Sur ces mots, le meneur s’approcha d’une sculpture en particulier, sur laquelle son condor se posa. Celle d’une femme au visage triangulaire et aux cheveux dressés en arrière. Des doigts manquant d’assurance y glissèrent, aux antipodes de ce qu’il avait manifesté auparavant. Une larme perla même sur sa joue.
— Solindi Preopses, murmura-t-il. La plus brave d’entre tous. La seule que j’ai côtoyée, les autres étant l’incarnation d’un passé à ne surtout pas oublier.
— Votre voix dégage de l’admiration. Je le pensais, sans oser en parler, mais je suppose que cet endroit recèle un lourd passé.
— Malheureusement… C’était l’une des plus importantes académies de magie de l’Empire Myrrhéen. Avant que tout ne s’écroule. Que ce pays vire au cauchemar. Que les guildes soient attaquées, les grimoires ensevelis, notre culture et histoire anéantis à jamais. Mais énoncer des faits est inutile, n’est-ce pas ? Tu as enduré les mêmes souffrances que nous.
— C’est intéressant d’avoir un autre point de vue. J’ai été si isolé toutes ces années que j’imaginais devoir lutter seul.
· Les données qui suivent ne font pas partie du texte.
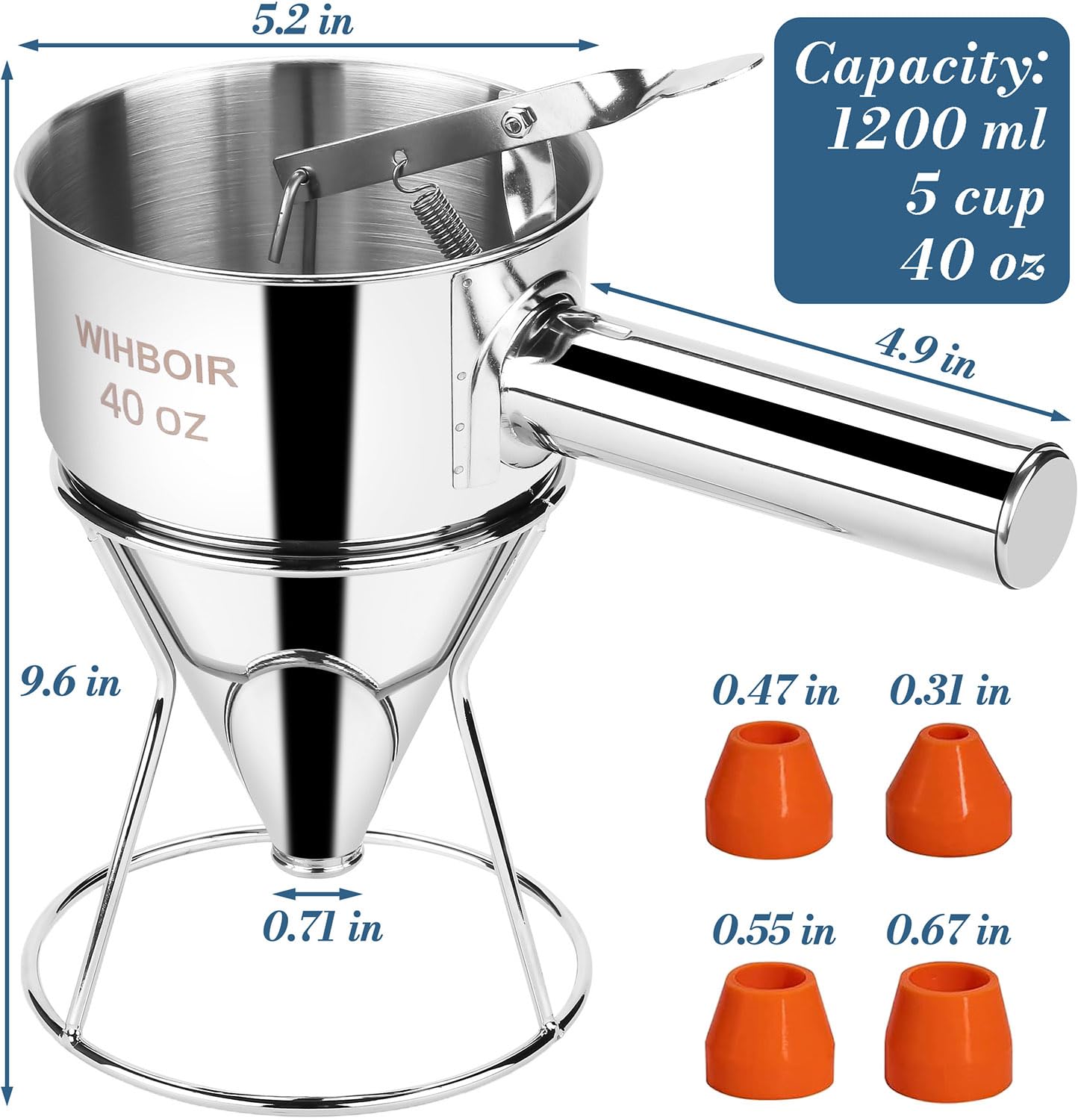 Stainless Steel Pancake Batter Dispenser with Squeeze Handle and Multi-Nozzle, for Pancakes, Cupcakes, and Baked Goods. 40 oz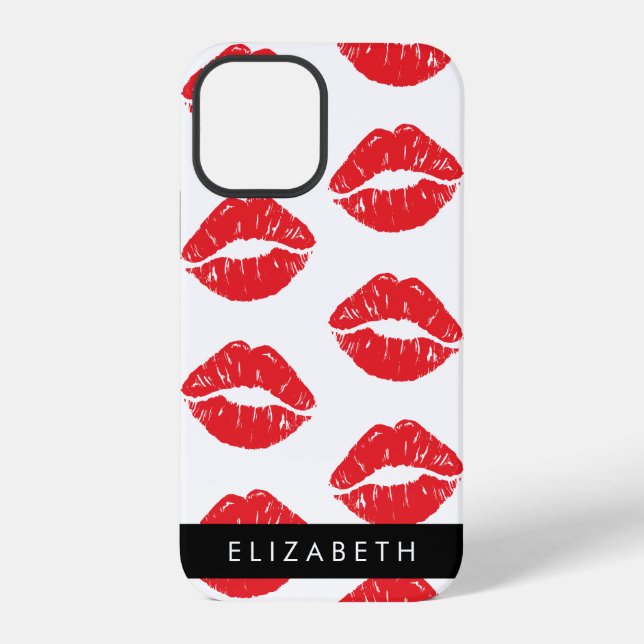 Funda Para iPhone Labios Rojos, Lápiz Labial Rojo, Patrón De Labios, (Reverso )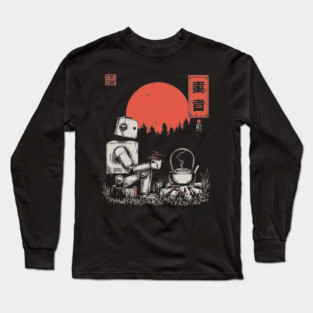 Robot Campfire Tea - Vintage Japanese Sci-Fi Art Long Sleeve T-Shirt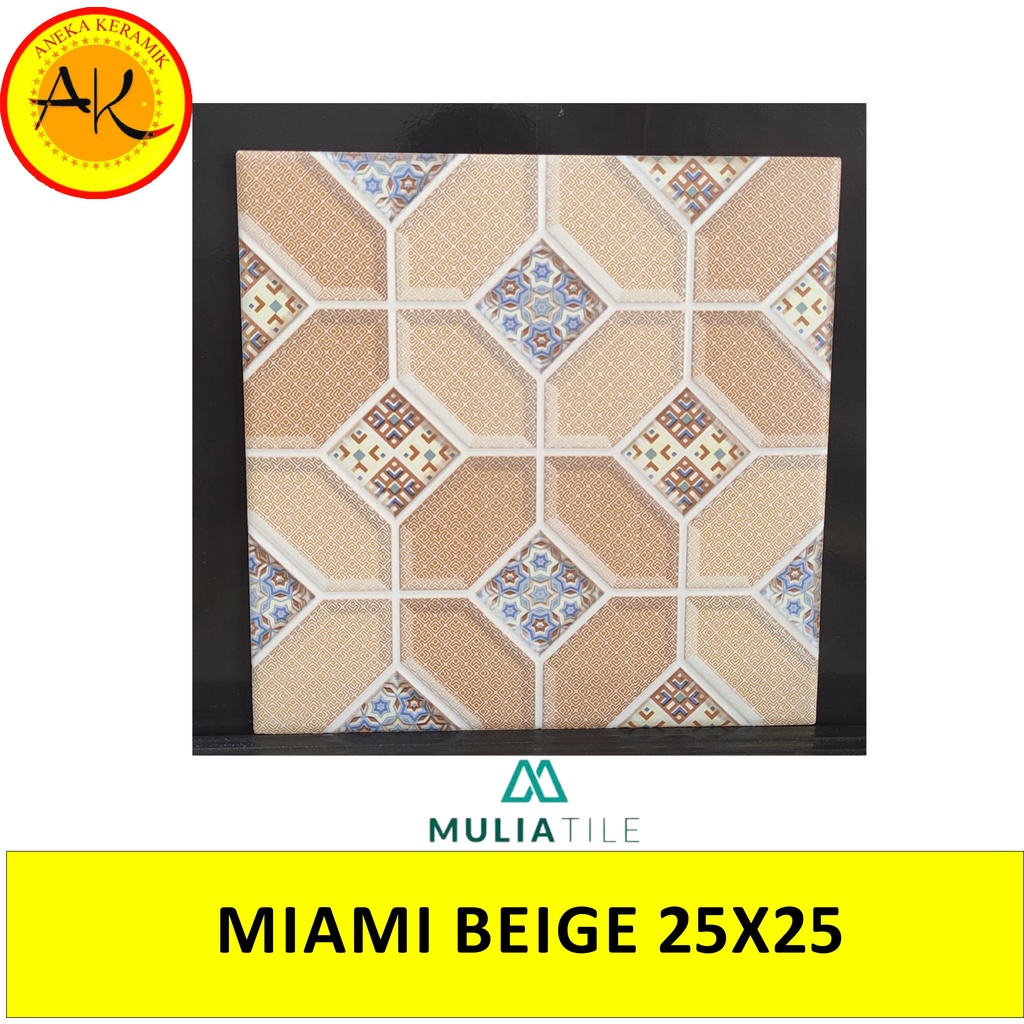 Keramik Lantai Kasar Kamar Mandi Motif Timbul 25x25 Miami Beige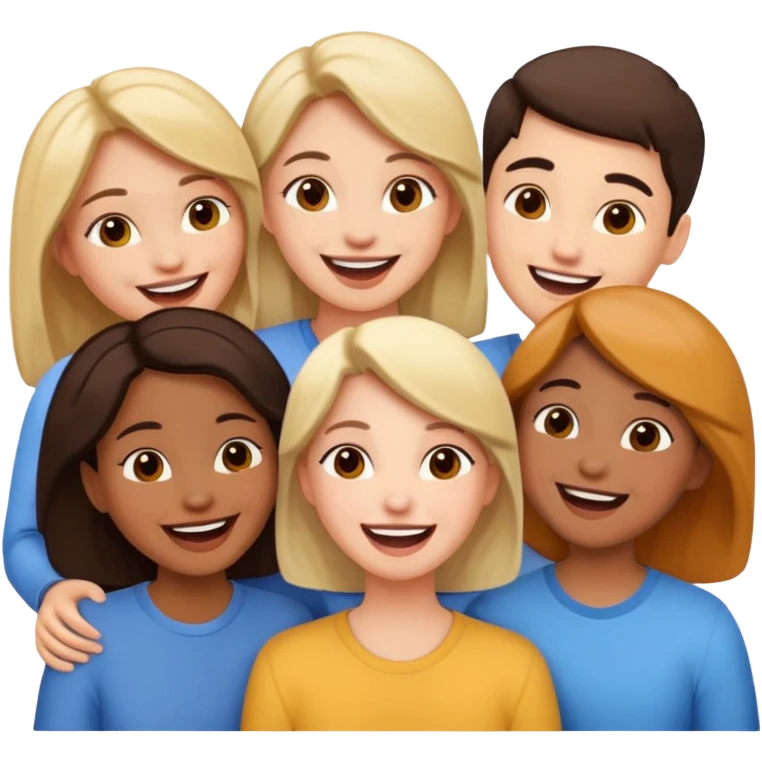 Some friends talking and looking each other emoji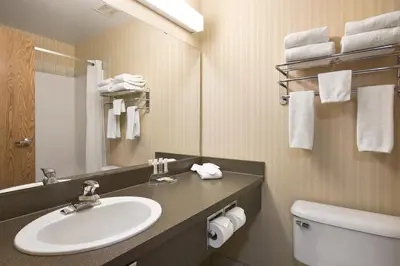 a bathroom with a sink and a toilet and a mirror at Super 8 by Wyndham High Level AB in High Level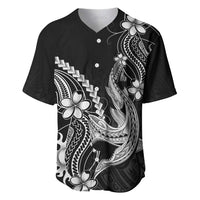 Black Aloha Hawaii Baseball Jersey Polynesian Shark Tattoo With Plumeria LT14 Black - Polynesian Pride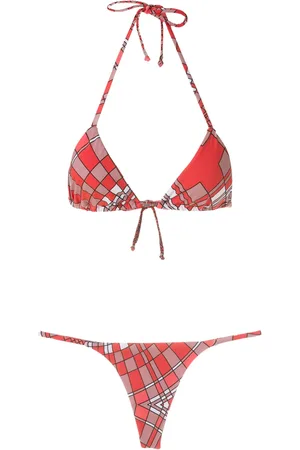 AMIR SLAMA Geom??trico triangle bikini set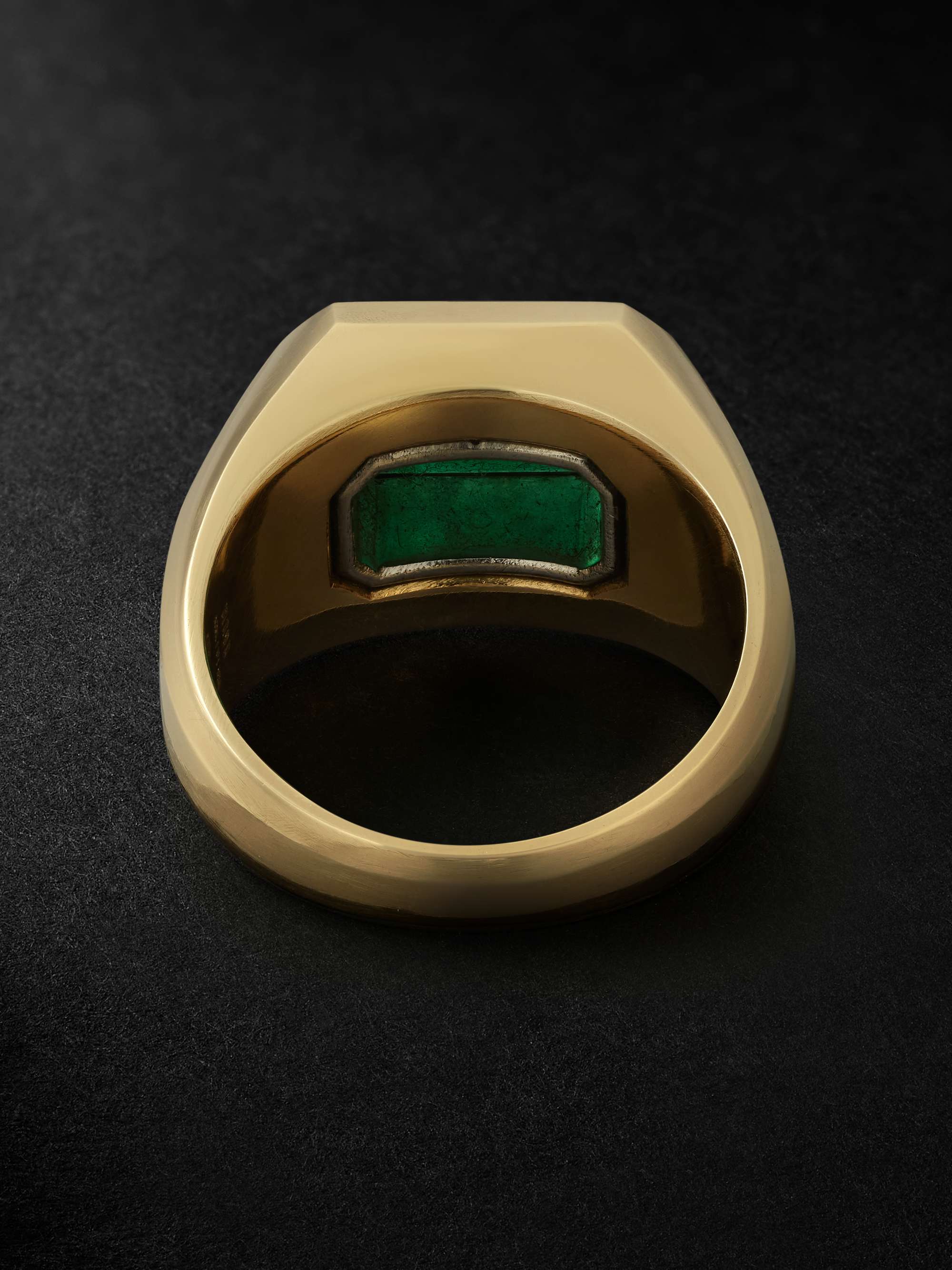 M.COHEN Solitaire Small Gold, Platinum and Emerald Ring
— Impossible. Car déjà le combat en groupe sera une épreuve colossale. Il vaut mieux te le montrer plutôt que de le raconter. Mets-toi sur le cercle central.
Horis s’exécuta. Deux pieds bien posés établirent un signal, à partir duquel Khanir transmit son flux. Un cône bleuté jaillit soudain au-dessus du jeune homme : son corps lui sembla alors d’une légèreté inouïe. Je n’ai jamais vu un tel type de magie ! Contre toute croyance, il se mit à flotter à un demi-mètre du sol. Bras et jambes s’écartèrent sous l’influence d’un environnement propice.
Puis il plongea hors du temps et de l’espace.